Why it matters: For the government, this is a trial about anti-terrorism, money laundering and law enforcement having eyes on financial transactions.
- For the defense, this is about whether or not developers have the right to publish code the same way writers write.
What they're saying: Prosecutors called Tornado Cash a "giant washing machine for dirty money," according to Inner City Press.
- The government said it would show evidence that Storm cashed out and that doing so was his main intent in launching the project.
- The defense said that they would show the government cannot prove criminal intent, since Storm had no involvement with any of the lawbreakers who used the platform he and his colleagues built.
How it works: Tornado Cash is an app on the Ethereum blockchain that made it feasible for a user to break the chain of custody for crypto assets, so they could hide how they were finally disposed of.
- They did this by mixing assets. A user could drop a large amount of digital assets in Tornado Cash and withdraw it to a different crypto address at a later date.
- If lots of people were depositing and withdrawing, Tornado Cash made it impossible to know exactly which withdrawals were related to which deposits.
- This allowed a person to, for example, make an anonymous donation to a dissident group abroad — or to hide the fact that funds were stolen from an insecure Defi protocol before depositing it on chain.
Fun fact: One on-chain thief got phished by a fake Tornado Cash, so their stolen funds got stolen.
Between the lines: Once the protocol was live, its developers had no power over it. They couldn't edit or change it.
- But they did have control over the most popular interface for interacting with it, the Tornado Cash website.

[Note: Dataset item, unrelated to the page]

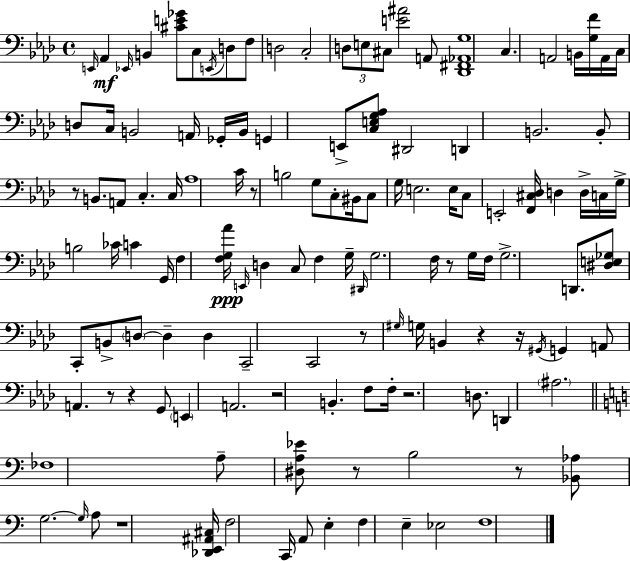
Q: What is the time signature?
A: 4/4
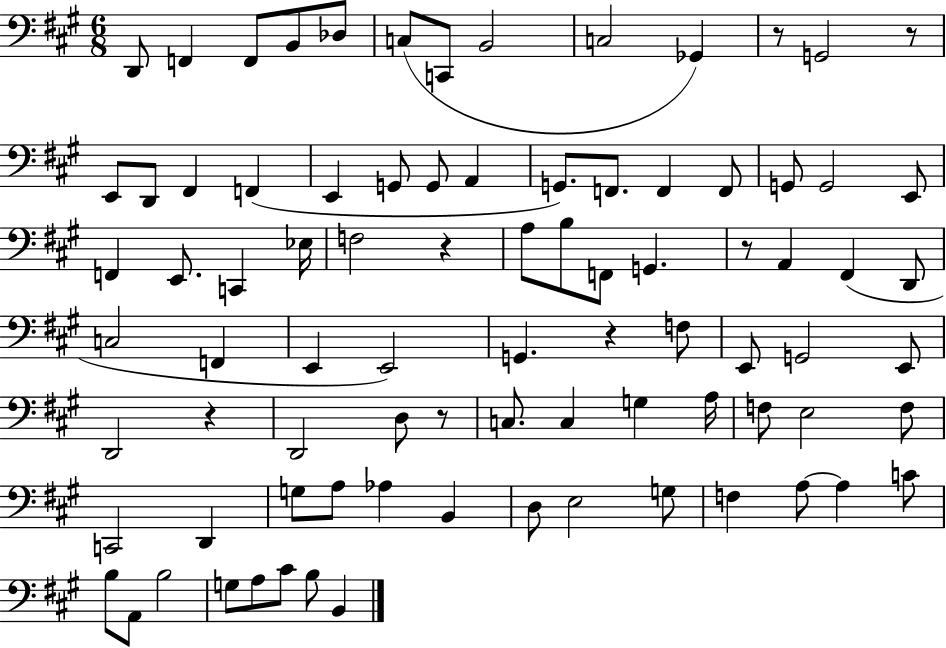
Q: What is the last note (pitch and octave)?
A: B2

Without the site, it took more technical skill to use the privacy app, but it was still accessible.
In the weeds: One of the witnesses for the government was a staffer at Sky Mavis, the company behind the once buzzy crypto game, Axie Infinity, which was hacked for $600 million worth of crypto currency in 2022.

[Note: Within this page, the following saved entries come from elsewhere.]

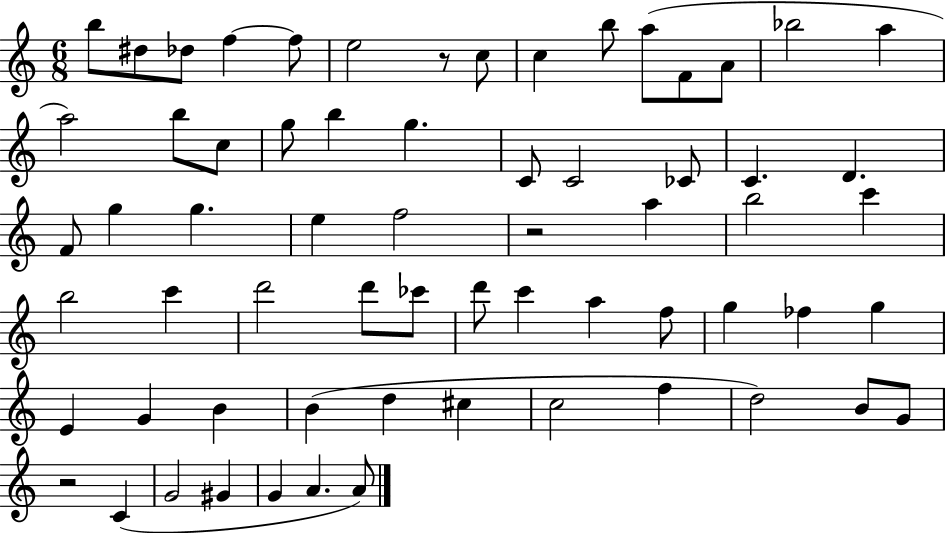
{
  \clef treble
  \numericTimeSignature
  \time 6/8
  \key c \major
  b''8 dis''8 des''8 f''4~~ f''8 | e''2 r8 c''8 | c''4 b''8 a''8( f'8 a'8 | bes''2 a''4 | \break a''2) b''8 c''8 | g''8 b''4 g''4. | c'8 c'2 ces'8 | c'4. d'4. | \break f'8 g''4 g''4. | e''4 f''2 | r2 a''4 | b''2 c'''4 | \break b''2 c'''4 | d'''2 d'''8 ces'''8 | d'''8 c'''4 a''4 f''8 | g''4 fes''4 g''4 | \break e'4 g'4 b'4 | b'4( d''4 cis''4 | c''2 f''4 | d''2) b'8 g'8 | \break r2 c'4( | g'2 gis'4 | g'4 a'4. a'8) | \bar "|."
}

- The government also called a witness who operated an NFT pump-and-dump scheme and walked off with $1.1 million in investor money, testifying that the app was the best option for covering their tracks.
- Other witnesses said they went to Tornado Cash after being exploited by cybercriminals and received no help.
State of play: Courts previously struck down the sanctions preventing Americans from using the privacy app.
- Storm was arrested in 2023. He's the only one of its developers on trial in the U.S.
- Another developer, Alexey Pertsev, is appealing a 64-month sentence in the Netherlands.
- Roman Semenov, who was also charged by the DOJ, remains at large.
What we're watching: The defense reportedly advocated for the need for privacy in one's financial transactions in opening arguments.
- The government has since moved to preclude evidence and arguments based on privacy rights.